NOTE: I included a link to each of the books on Amazon. I always look for a used version there first, but sometimes the new copy is the best option. I tend to buy all my books because I mark them up and highlight like crazy – so that just works best for me.
- Just Mercy by Bryan Stevenson
- Come Matter Here by Hannah Brencher
- Letters to a Young Poet by Rainer Maria Rilke
- All Things C. S. Lewis
- The Pursuit of God by A. W. Tozer
- If You Feel Too Much: The Extended Edition
So, here’s my somewhat complete list from the last year. I’m sure there are some I’m missing and will add them as I remember. If you have any book recommendations, PLEASE send them my way.
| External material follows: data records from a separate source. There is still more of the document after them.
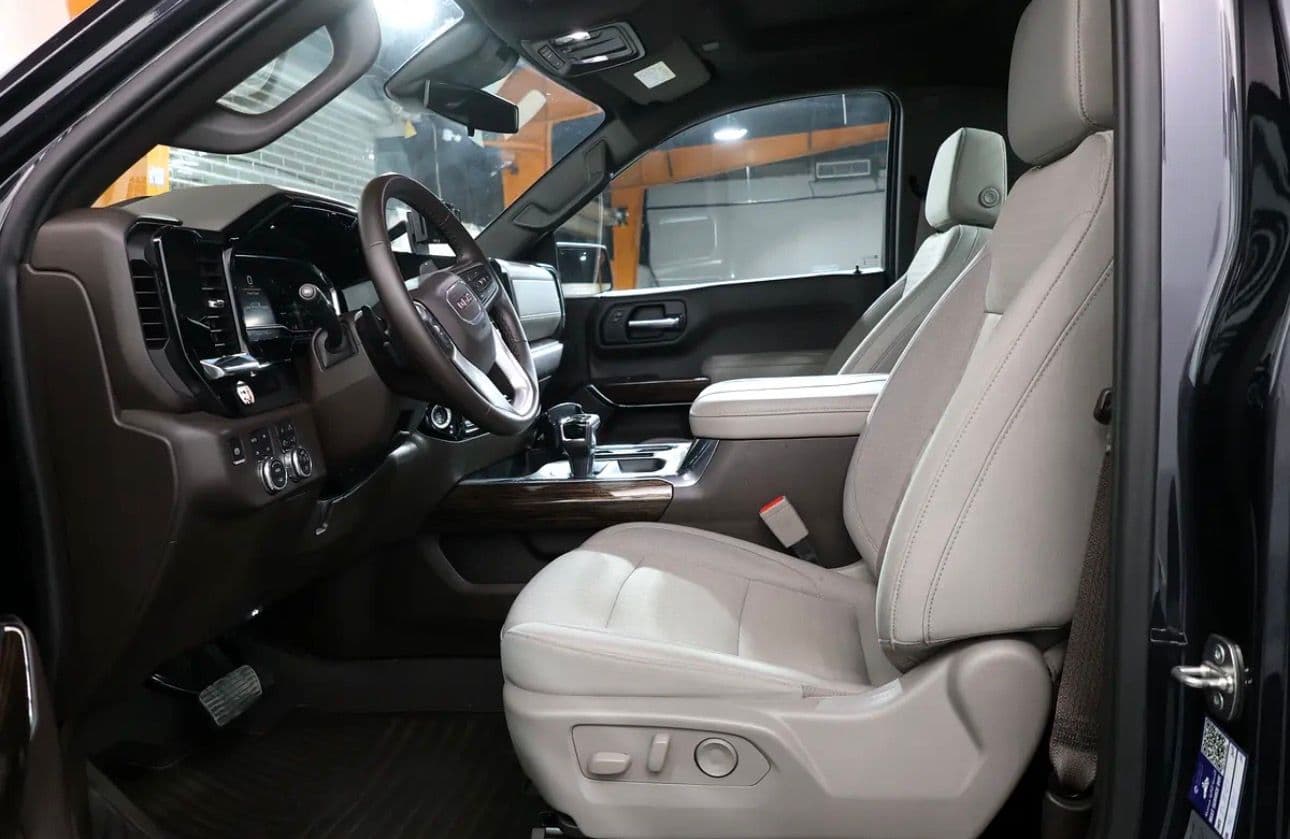 2024 GMC Sierra 1500 Elevation - Elevation with X31 Off-Road Package - GCC spec  - Thumbnail 9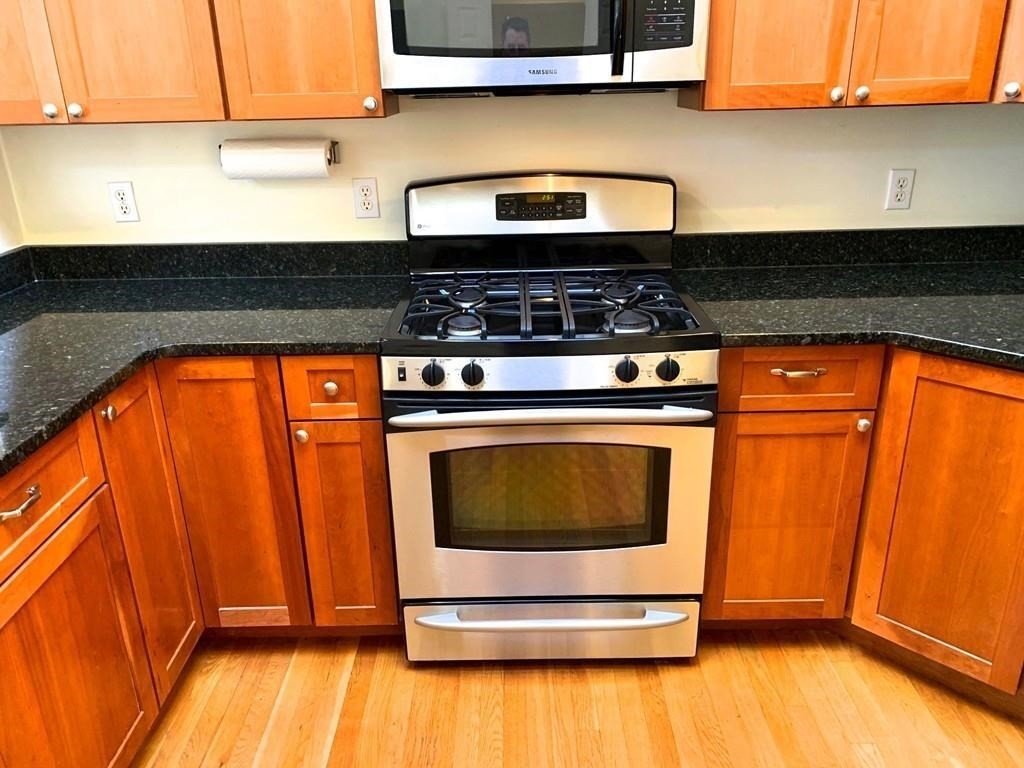 2 bed, 2.5 bath apartment for rent at 42 Prince St Unit 42, Cambridgeport — photo 3 of 14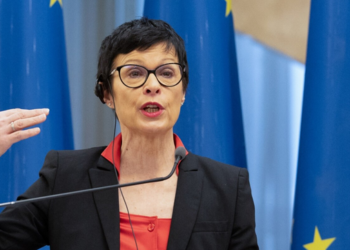 Komisionerja e BE-së për Zgjerimin vjen në Tiranë më 13 mars. Takohet me Bardhin, por jo me Berishën /Agjenda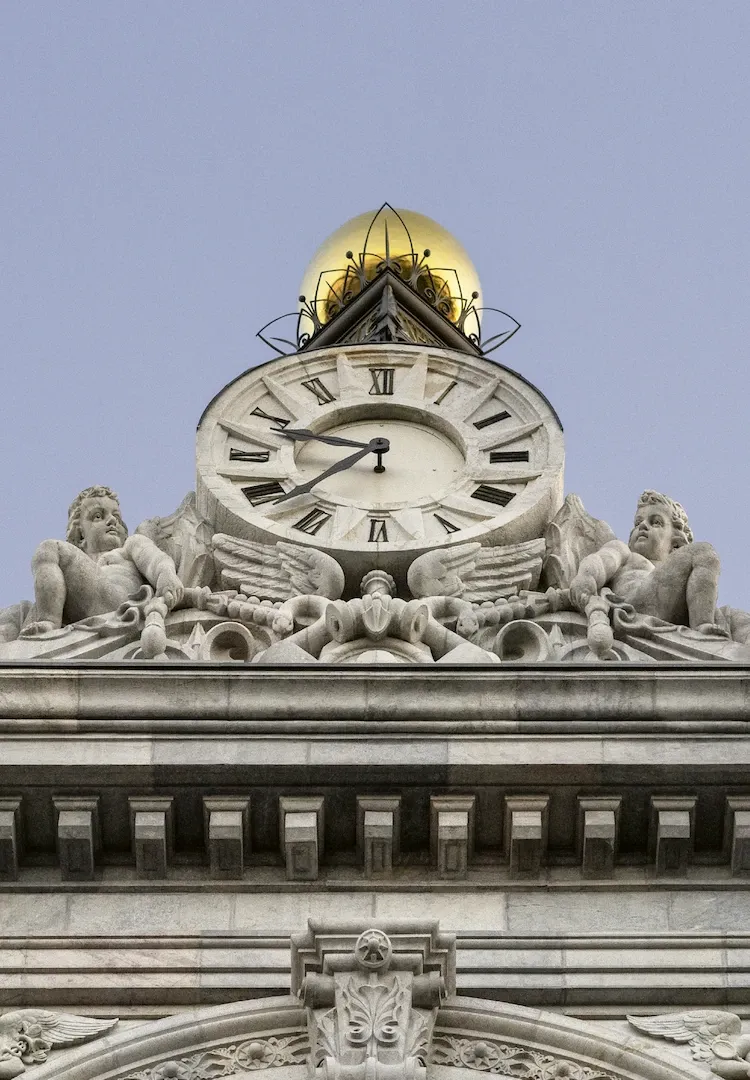 Madrid. Reloj y grupo escultórico del chaflán de Cibeles del edificio del Banco de España. 2018. Fotógrafo: Luis Asín. Imagen digital.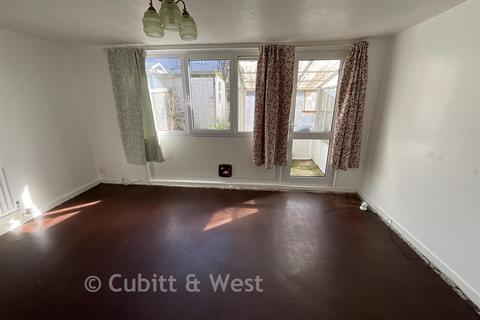 2 bedroom terraced house for sale, Downland Avenue, Peacehaven, East Sussex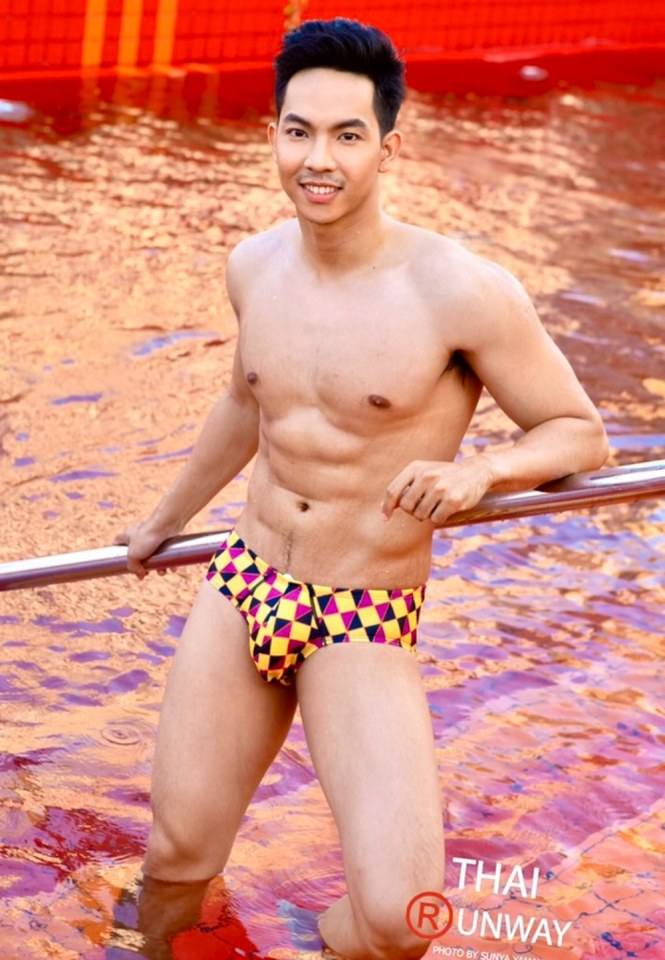 ถอดโชว์เรือนร่าง 2604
Pretty much every book on this list was suggested by someone – it’s my version of quality control. Text me, email me, leave a comment on this post, beep me, snail mail me, or, if you must, send it via telegram or carrier pigeon. I will accept all forms of communication.
I’ve also turned into a Rory Gilmore in terms of how many books I carry with me and how heavy my purse is at all times. But really, at the end of the day, I just call it an arm workout. Win-win.
My goal is to keep up this habit of picking up book after book. It really helps if you pair the book with a hot cup of coffee and a roaring fire or an iced coffee and a front porch, depending on the thermostat reading. I hear there’s a 96% success rate that way. Trust me.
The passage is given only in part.